EXERCISE GOAL ▸
Set down exactly the lines running from the one with "Kansas City Chiefs" to the last line of the listing below, both included, and skip every picture.
BEGIN INFORMATION
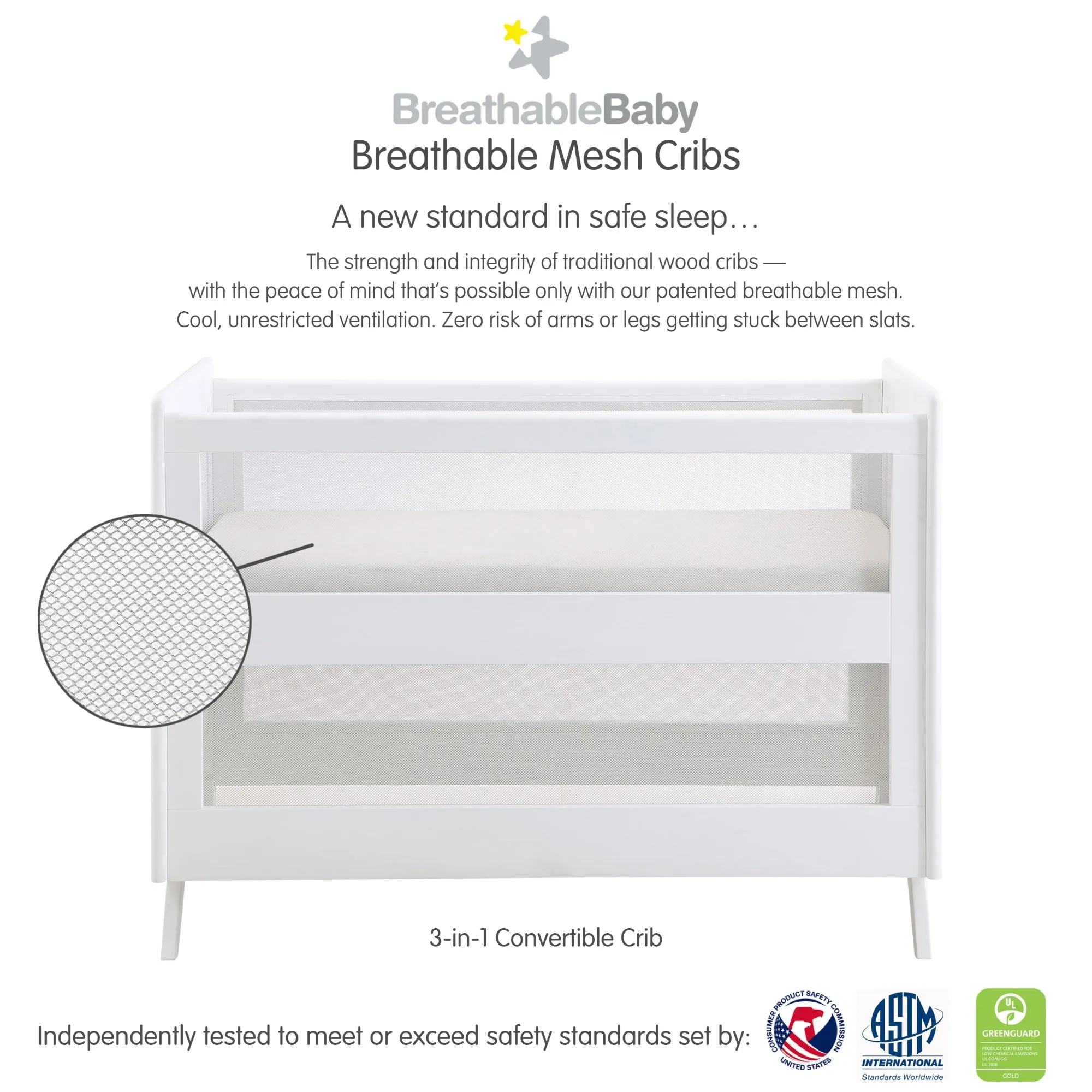 BreathableBaby Mesh 3-in-1 Convertible Crib - White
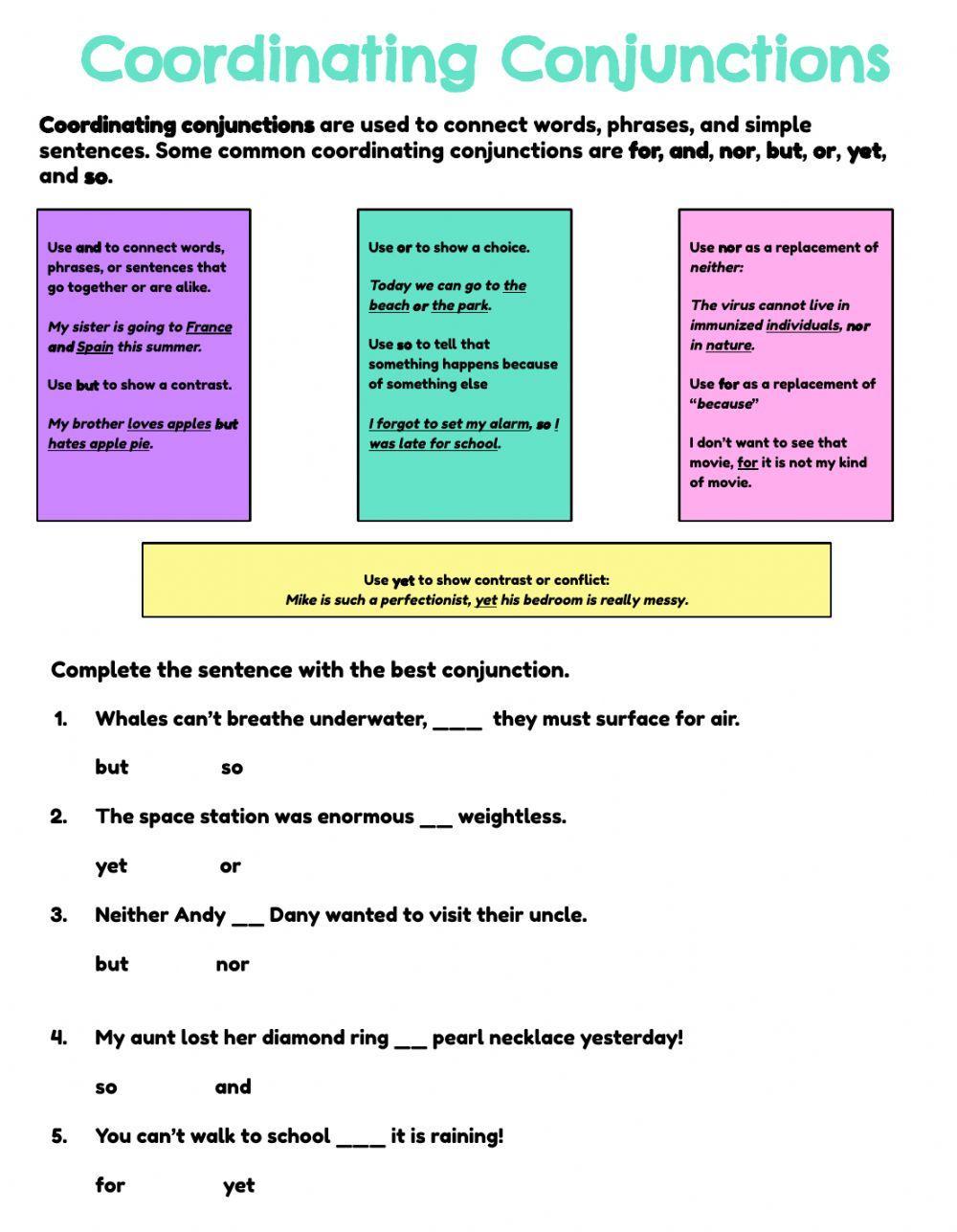 Coordinating Conjunctions- by Grammagical Time!
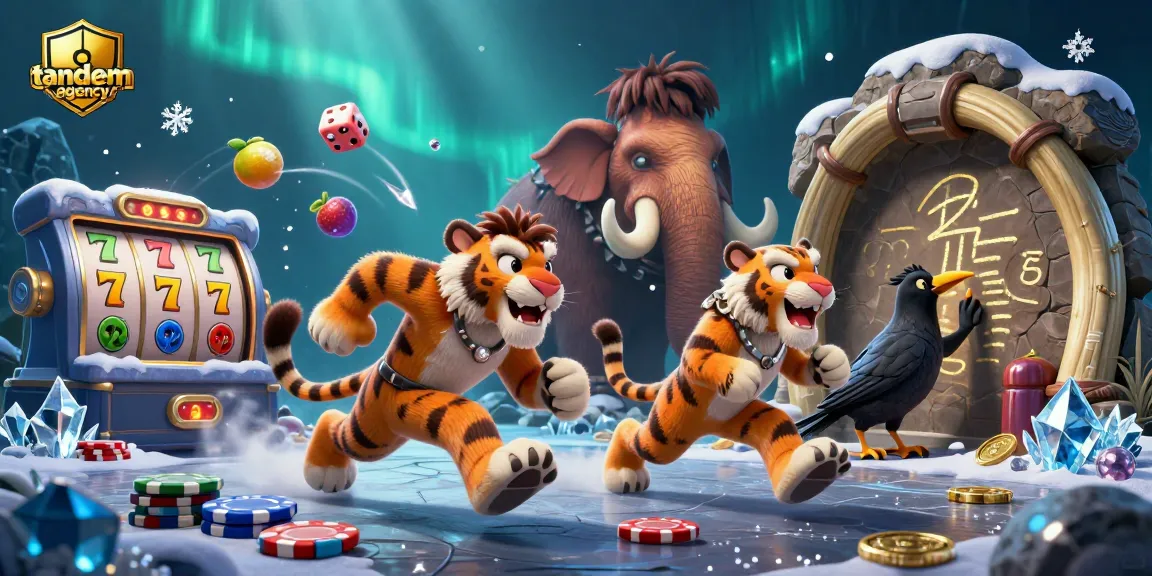 Tandemagency showcases a prehistoric casino scene with cavemen and engaging elements for gamblers.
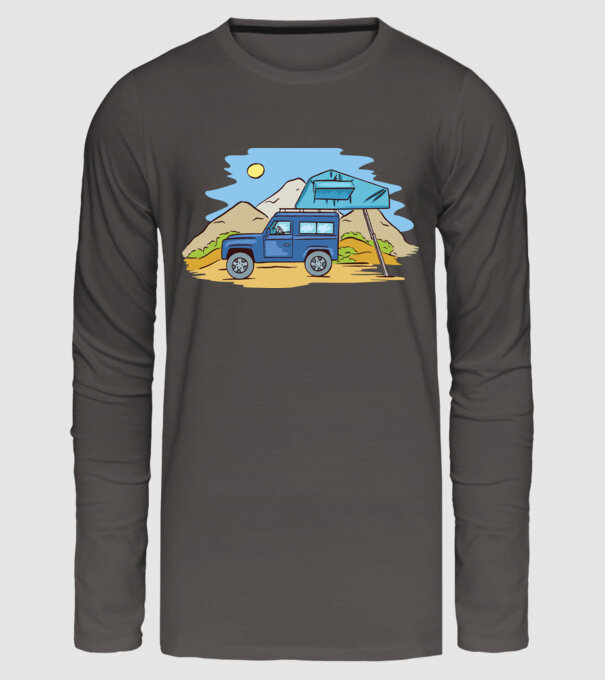 Mașină de camping model gri închis pe tricou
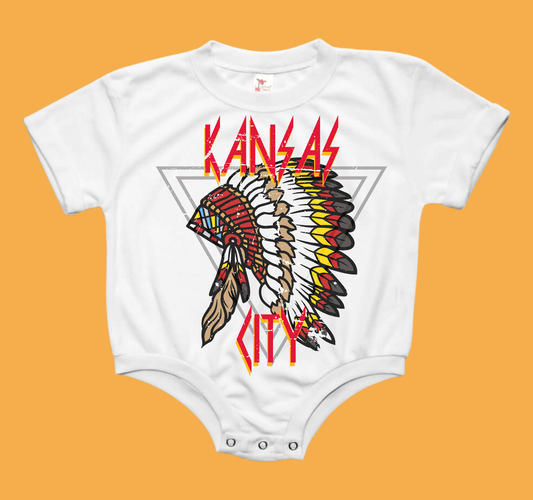 Kansas City Chiefs Headdress Baby Bubble Tee Shirt Romper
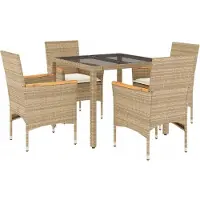 vidaXL Salon de jardin 5 pièces avec coussins Beige Poly rotin et verre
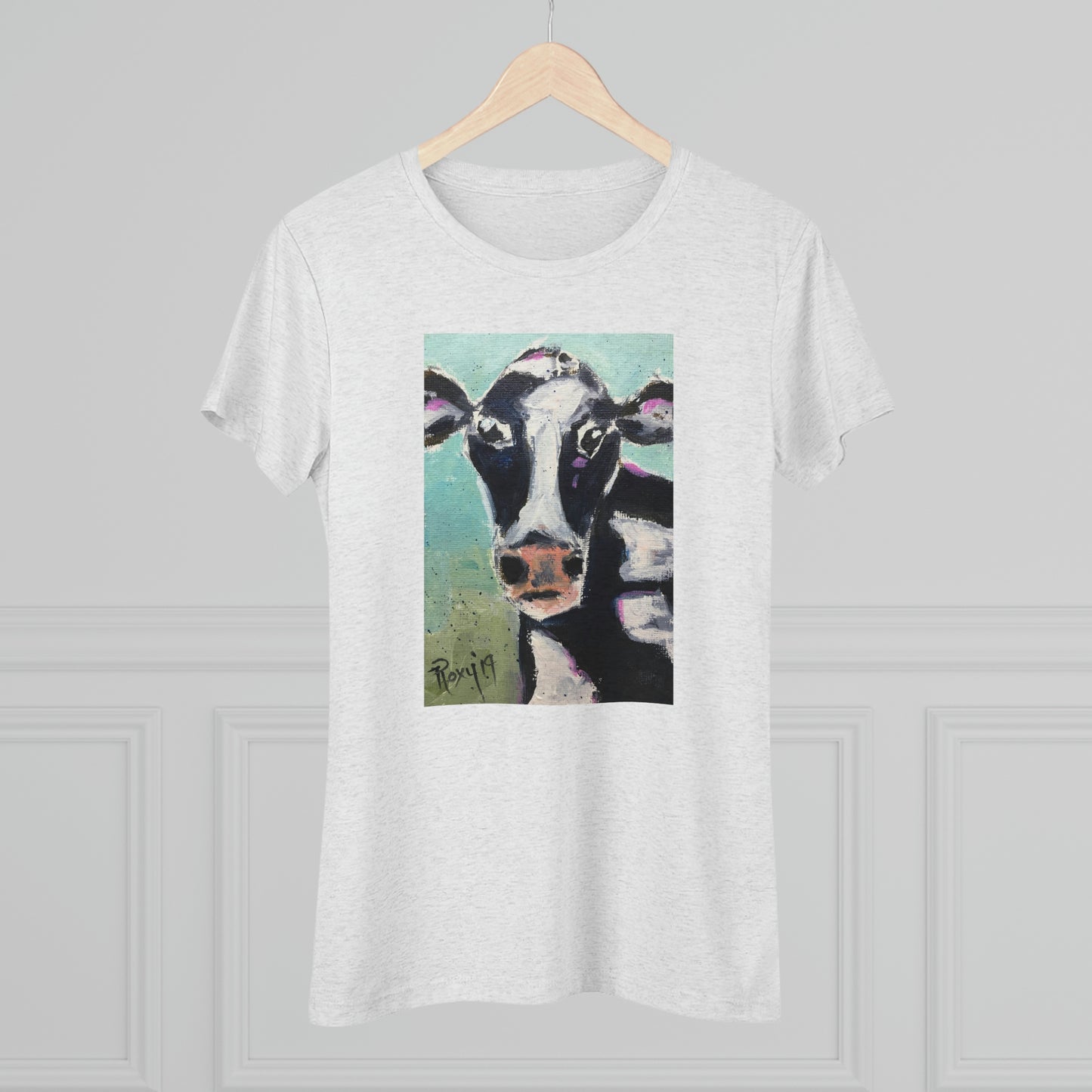 Edna Cow Tee-shirt Triblend Tee ajusté pour femmes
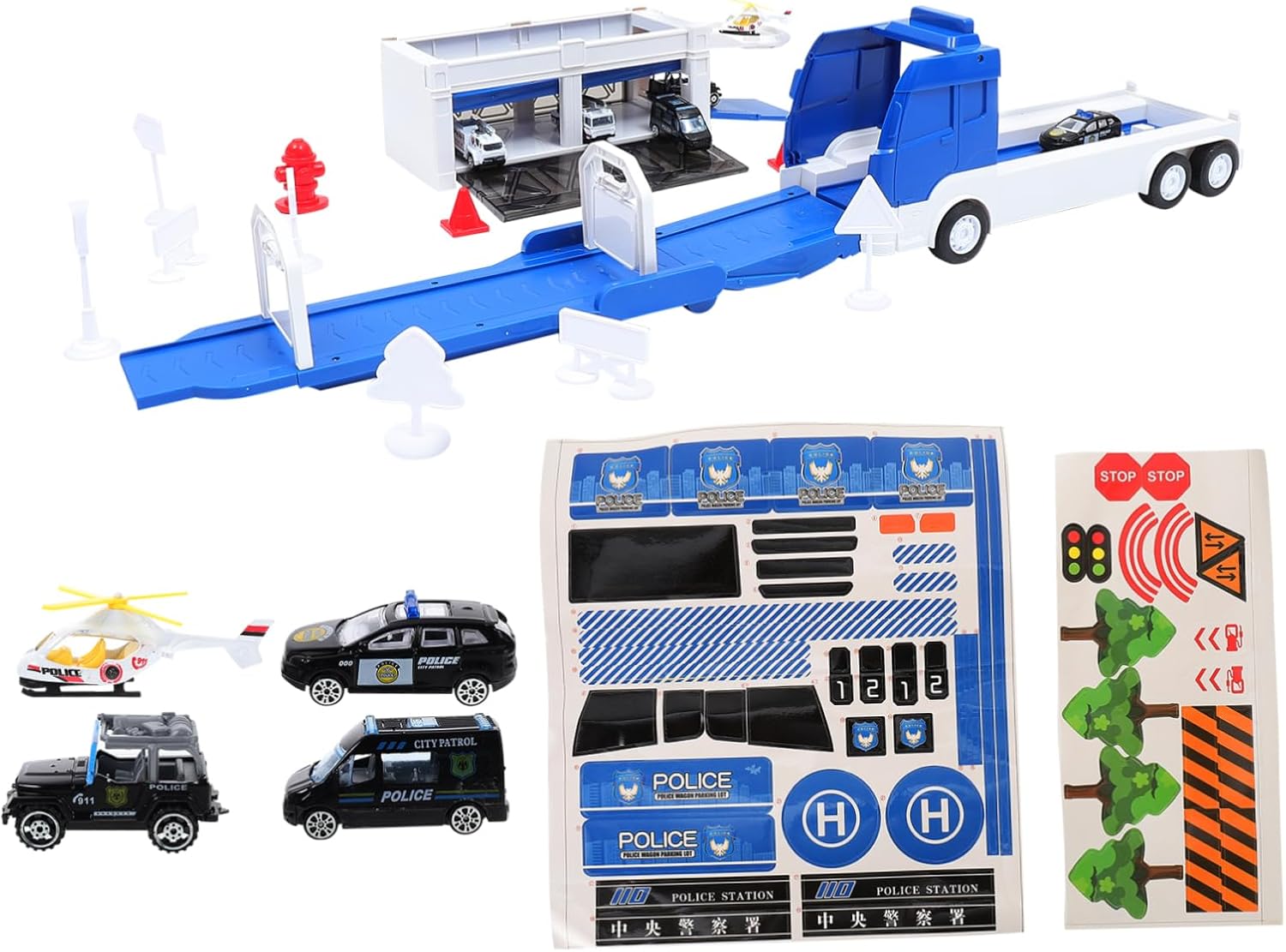 Vaguelly 1set Simulated Police Car Toy for Boys and Girls Mini Patrol Wagon Model Flashing Lights and Sounds Birthday Promotes Imagination and Play Design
END INFORMATION
THE COMPLETED TASK ▸
 Kansas City Chiefs Headdress Baby Bubble Tee Shirt Romper
 vidaXL Salon de jardin 5 pièces avec coussins Beige Poly rotin et verre
 Edna Cow Tee-shirt Triblend Tee ajusté pour femmes
 Vaguelly 1set Simulated Police Car Toy for Boys and Girls Mini Patrol Wagon Model Flashing Lights and Sounds Birthday Promotes Imagination and Play Design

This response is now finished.